Esta descentralização incompleta, sem a desconcentração de recursos compatível, tem tido como conseqüência a priorização de determinados programas verticais, que nem sempre mostram-se adequados às necessidades locais da população, enquanto programas e serviços locais tendem a inviabilizar-se por falta ou insuficiência de recursos, deixando sobre os profissionais de saúde das unidades a responsabilidade por seu fracasso perante a população. Por outro lado, estes mesmos profissionais vêem-se diante da necessidade de adaptar programas estruturados a partir de análises macroscópicas (como as análises de mortalidade infantil discutidas no Capítulo I deste trabalho) à demanda de suas unidades.

Organizados a partir de modelos idealizados por gestores freqüentemente desconectados das características e necessidades da população aos quais devem atender, tais programas requerem condições específicas (ideais) para sua implementação, nem sempre consonantes às práticas realmente desenvolvidas em sua execução. “Dessa forma, algumas

necessidades de saúde não são objeto de demanda; outras não são satisfeitas pelos serviços; outras não correspondem às necessidades reais da população e sim a interesses institucionais” (PINHEIRO e LUZ, 1999, p.19).

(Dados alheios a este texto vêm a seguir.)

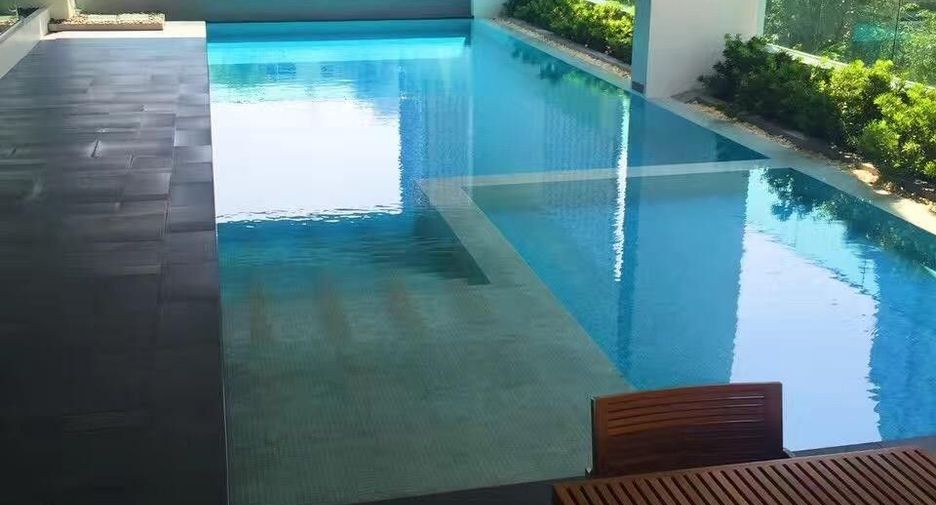 For rent 2 bedrooms condo in Bang Rak, Bangkok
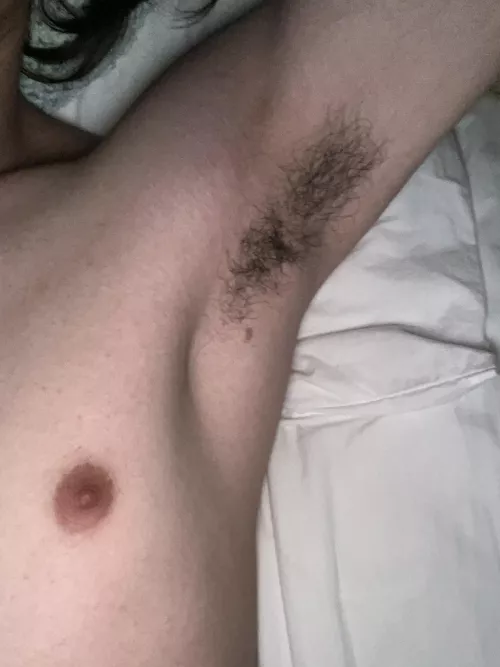 didn’t shower last night, they smell awesome by pepper_boi05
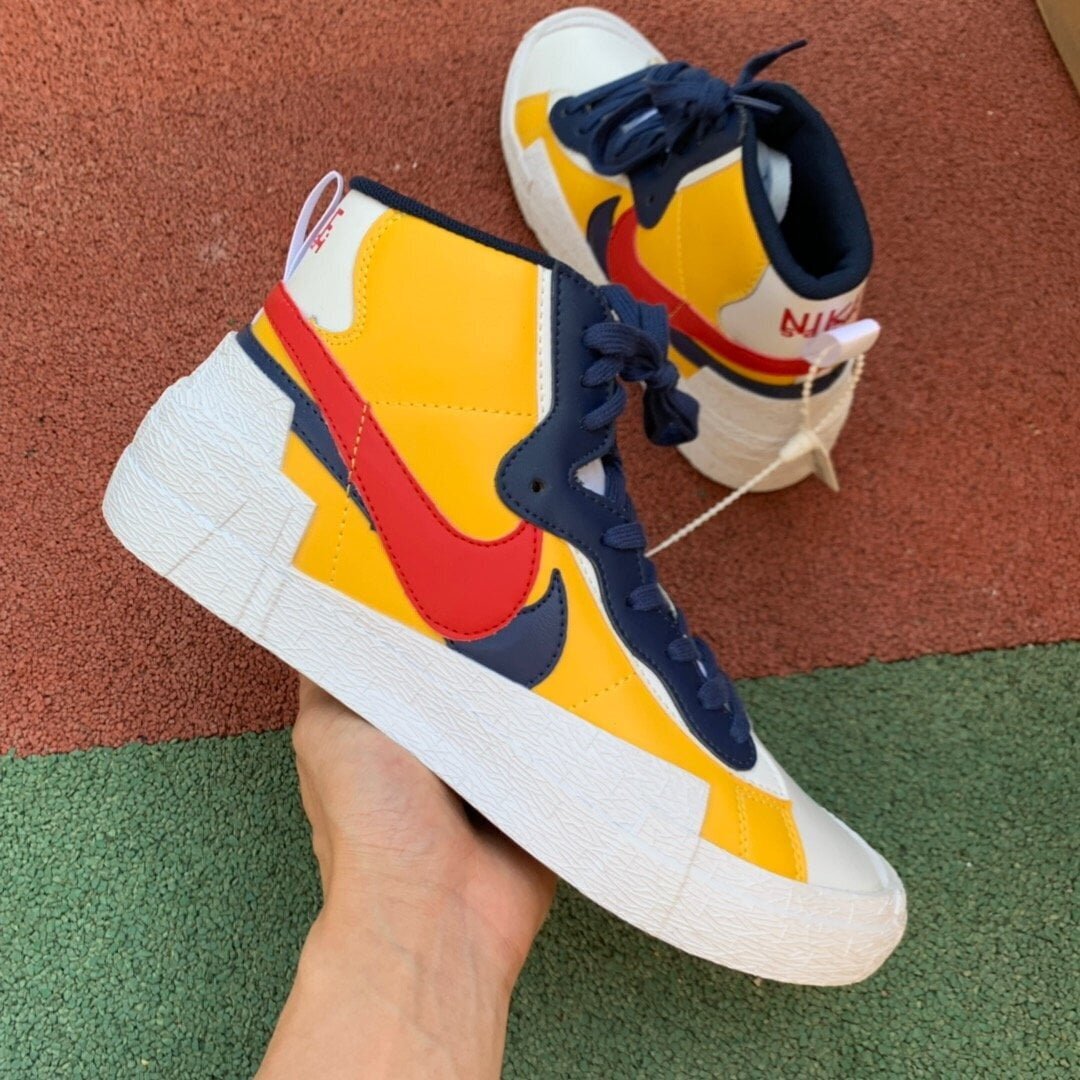 Blazer Mid Sacai White Yellow - Image 2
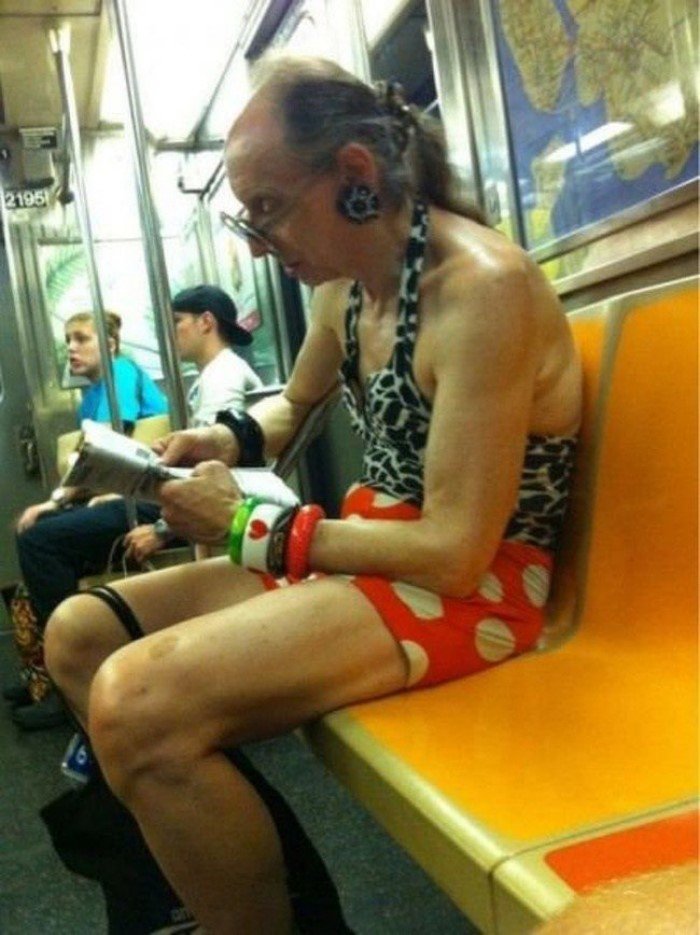 Strange People On Public Transport (19 pics)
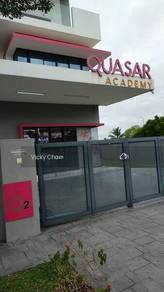 Taman Saujana Mutiara 3-storey Corner Superlink House for sale!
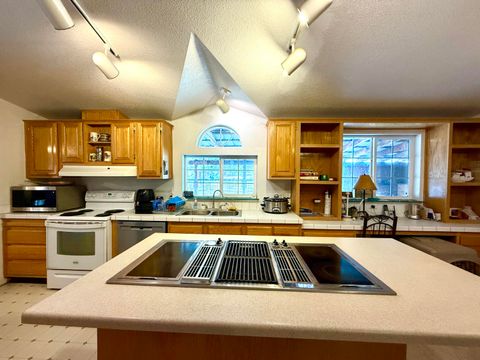 Tiny photo for 370 Highway 422, Chiloquin, OR 97624 (MLS # 220211425)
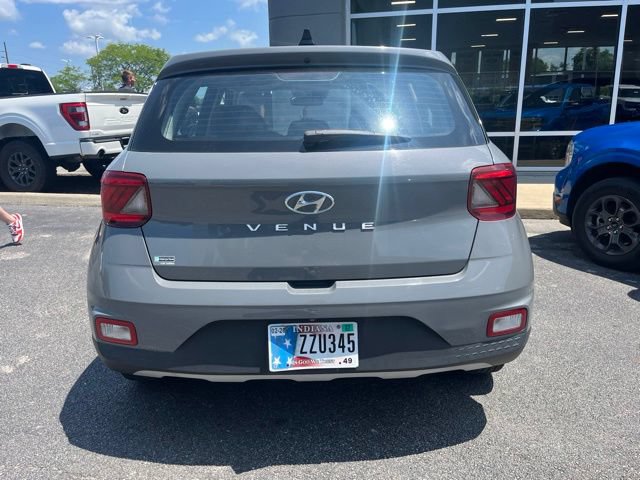 Used 2021 Hyundai Venue SE FWD image 7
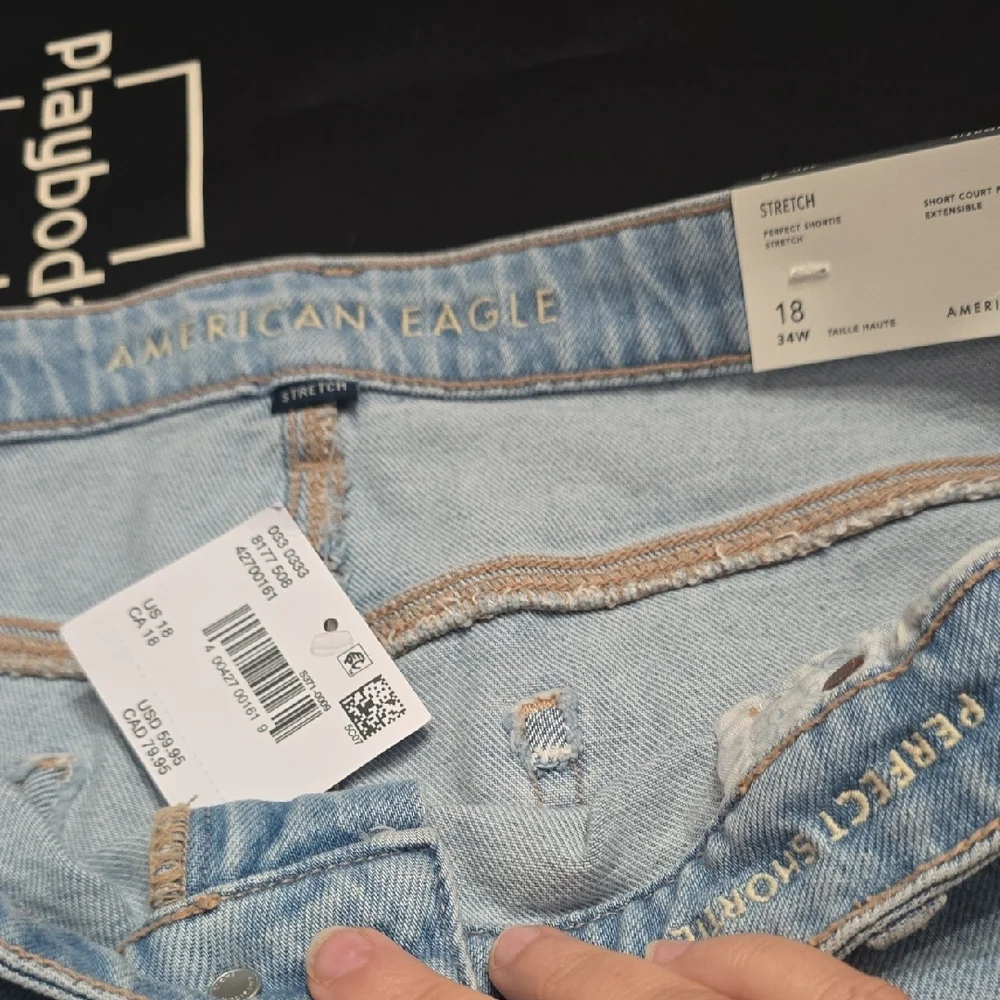 American Eagle‎ Outfitters Light Blue Ripped Jean Shorts 18w Nwt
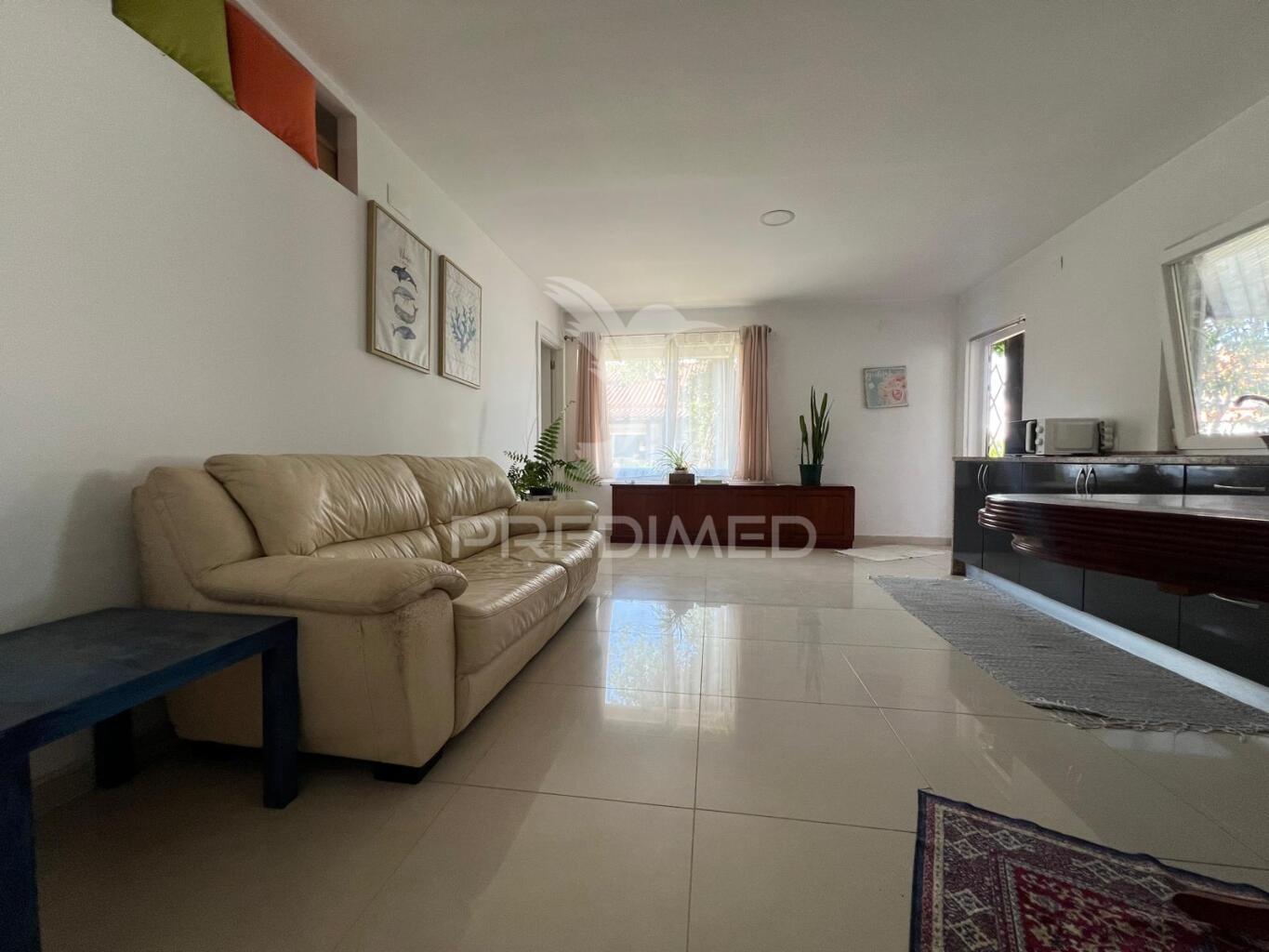 Moradia t2 para arrendar em brejos de azeitão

A complexidade destas necessidades raramente é apreendida por modelos idealizados e verticais, entre os quais podemos citar o Programa Canguru, cuja base está na racionalidade médica e econômica e cuja concepção centra-se em conceitos de família e de maternidade que podem ser muito distintos daqueles presentes na população efetivamente envolvida em suas práticas. Esta dissonância dificulta a operacionalização deste tipo de proposta, uma vez que suas ações são planejadas a partir de concepções, valores e experiências materiais que, se tomados de forma pouco crítica, podem ser assumidos como estáveis e homogêneos.

Além disso, a persistência de um modelo de atenção à saúde que tem suas práticas determinadas por políticas centralistas, além de comprometer o desenvolvimento de muitas ações, tende a tomar o usuário apenas como um objeto de intervenção, oferecendo-lhe pouca (ou nenhuma) oportunidade de opinar sobre o cuidado que recebe e dificultando seu envolvimento, de modo responsável e participativo, com o destino de sua própria saúde.